- **Collection entries**:
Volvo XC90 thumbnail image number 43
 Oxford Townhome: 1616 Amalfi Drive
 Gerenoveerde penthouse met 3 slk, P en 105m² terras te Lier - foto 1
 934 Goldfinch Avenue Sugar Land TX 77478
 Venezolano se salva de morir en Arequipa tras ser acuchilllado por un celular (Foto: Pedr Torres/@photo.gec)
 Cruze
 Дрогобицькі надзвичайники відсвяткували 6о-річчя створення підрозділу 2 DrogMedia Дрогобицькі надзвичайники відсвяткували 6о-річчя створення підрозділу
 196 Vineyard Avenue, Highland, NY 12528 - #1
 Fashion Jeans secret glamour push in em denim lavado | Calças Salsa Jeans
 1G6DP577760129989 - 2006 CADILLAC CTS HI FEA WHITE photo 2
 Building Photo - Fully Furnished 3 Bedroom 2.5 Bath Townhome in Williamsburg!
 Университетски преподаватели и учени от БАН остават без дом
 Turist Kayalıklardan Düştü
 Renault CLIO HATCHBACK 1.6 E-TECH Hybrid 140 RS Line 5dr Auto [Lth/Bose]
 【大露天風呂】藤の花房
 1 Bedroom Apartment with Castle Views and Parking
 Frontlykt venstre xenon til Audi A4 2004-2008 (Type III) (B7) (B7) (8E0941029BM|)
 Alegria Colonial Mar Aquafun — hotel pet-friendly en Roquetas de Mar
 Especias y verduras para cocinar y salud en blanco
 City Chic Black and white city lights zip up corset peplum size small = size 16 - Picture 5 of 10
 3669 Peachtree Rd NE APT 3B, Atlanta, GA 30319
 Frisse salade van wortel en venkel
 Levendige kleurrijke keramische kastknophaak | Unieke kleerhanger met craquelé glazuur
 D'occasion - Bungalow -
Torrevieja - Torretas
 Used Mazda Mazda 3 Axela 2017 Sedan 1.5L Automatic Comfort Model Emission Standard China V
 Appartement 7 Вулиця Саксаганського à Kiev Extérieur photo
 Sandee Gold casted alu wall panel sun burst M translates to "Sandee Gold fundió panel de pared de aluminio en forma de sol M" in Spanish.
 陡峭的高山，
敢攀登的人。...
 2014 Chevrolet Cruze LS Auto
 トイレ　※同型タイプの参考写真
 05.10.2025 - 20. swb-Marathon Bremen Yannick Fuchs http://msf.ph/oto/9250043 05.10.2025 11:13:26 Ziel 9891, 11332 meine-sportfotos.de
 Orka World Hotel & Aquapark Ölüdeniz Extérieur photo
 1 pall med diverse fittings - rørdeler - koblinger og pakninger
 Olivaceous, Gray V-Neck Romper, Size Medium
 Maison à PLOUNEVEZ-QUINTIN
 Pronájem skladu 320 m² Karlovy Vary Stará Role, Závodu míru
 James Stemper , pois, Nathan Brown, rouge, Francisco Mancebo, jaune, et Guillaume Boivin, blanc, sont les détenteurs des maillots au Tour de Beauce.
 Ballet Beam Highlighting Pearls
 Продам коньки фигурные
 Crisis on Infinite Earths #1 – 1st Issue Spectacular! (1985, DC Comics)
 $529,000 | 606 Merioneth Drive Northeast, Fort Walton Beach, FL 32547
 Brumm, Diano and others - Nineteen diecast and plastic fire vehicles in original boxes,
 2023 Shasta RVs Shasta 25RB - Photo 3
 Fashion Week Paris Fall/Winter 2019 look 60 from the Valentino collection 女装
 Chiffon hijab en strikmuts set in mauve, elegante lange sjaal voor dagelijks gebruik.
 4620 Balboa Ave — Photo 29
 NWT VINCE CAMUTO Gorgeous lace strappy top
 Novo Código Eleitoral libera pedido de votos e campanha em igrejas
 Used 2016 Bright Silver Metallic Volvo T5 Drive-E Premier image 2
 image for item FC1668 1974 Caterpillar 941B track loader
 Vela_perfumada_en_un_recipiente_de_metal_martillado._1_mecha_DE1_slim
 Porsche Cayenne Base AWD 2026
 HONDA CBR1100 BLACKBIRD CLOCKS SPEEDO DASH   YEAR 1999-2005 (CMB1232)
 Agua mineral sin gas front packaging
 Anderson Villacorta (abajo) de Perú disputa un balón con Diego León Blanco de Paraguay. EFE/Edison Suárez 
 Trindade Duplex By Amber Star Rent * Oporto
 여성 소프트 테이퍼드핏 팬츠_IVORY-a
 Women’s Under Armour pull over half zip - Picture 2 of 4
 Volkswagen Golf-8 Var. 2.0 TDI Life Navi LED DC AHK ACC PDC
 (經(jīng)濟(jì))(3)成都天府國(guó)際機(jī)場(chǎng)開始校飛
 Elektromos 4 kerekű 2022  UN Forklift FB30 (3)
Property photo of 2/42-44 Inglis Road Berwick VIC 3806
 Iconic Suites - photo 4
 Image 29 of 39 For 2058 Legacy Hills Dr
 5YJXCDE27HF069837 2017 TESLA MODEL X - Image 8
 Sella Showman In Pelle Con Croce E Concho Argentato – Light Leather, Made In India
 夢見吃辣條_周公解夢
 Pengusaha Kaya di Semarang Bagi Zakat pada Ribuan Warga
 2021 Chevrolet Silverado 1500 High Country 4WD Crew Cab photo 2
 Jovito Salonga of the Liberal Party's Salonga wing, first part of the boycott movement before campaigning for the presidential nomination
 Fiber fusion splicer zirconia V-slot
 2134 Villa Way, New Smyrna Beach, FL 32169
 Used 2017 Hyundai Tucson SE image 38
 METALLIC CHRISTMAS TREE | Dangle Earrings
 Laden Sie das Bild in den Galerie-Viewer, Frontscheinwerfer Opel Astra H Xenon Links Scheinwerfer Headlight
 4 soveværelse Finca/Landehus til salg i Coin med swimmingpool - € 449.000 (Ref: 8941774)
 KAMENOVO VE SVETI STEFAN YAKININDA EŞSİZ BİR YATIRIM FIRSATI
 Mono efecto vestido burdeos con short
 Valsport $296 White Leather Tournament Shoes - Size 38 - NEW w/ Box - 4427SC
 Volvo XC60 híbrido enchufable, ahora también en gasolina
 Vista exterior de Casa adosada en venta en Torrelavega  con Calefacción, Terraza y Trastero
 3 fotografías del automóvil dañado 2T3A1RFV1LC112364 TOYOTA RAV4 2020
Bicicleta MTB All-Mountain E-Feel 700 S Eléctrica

- **TASK ITEM**:
What is needed is a verbatim copy of every line in the records above from the one containing "05.10.2025 - 20." down to the one containing "Fashion Week Paris", both included, and nothing more.

- **ANSWER FOR THE TASK**:
 05.10.2025 - 20. swb-Marathon Bremen Yannick Fuchs http://msf.ph/oto/9250043 05.10.2025 11:13:26 Ziel 9891, 11332 meine-sportfotos.de
 Orka World Hotel & Aquapark Ölüdeniz Extérieur photo
 1 pall med diverse fittings - rørdeler - koblinger og pakninger
 Olivaceous, Gray V-Neck Romper, Size Medium
 Maison à PLOUNEVEZ-QUINTIN
 Pronájem skladu 320 m² Karlovy Vary Stará Role, Závodu míru
 James Stemper , pois, Nathan Brown, rouge, Francisco Mancebo, jaune, et Guillaume Boivin, blanc, sont les détenteurs des maillots au Tour de Beauce.
 Ballet Beam Highlighting Pearls
 Продам коньки фигурные
 Crisis on Infinite Earths #1 – 1st Issue Spectacular! (1985, DC Comics)
 $529,000 | 606 Merioneth Drive Northeast, Fort Walton Beach, FL 32547
 Brumm, Diano and others - Nineteen diecast and plastic fire vehicles in original boxes,
 2023 Shasta RVs Shasta 25RB - Photo 3
 Fashion Week Paris Fall/Winter 2019 look 60 from the Valentino collection 女装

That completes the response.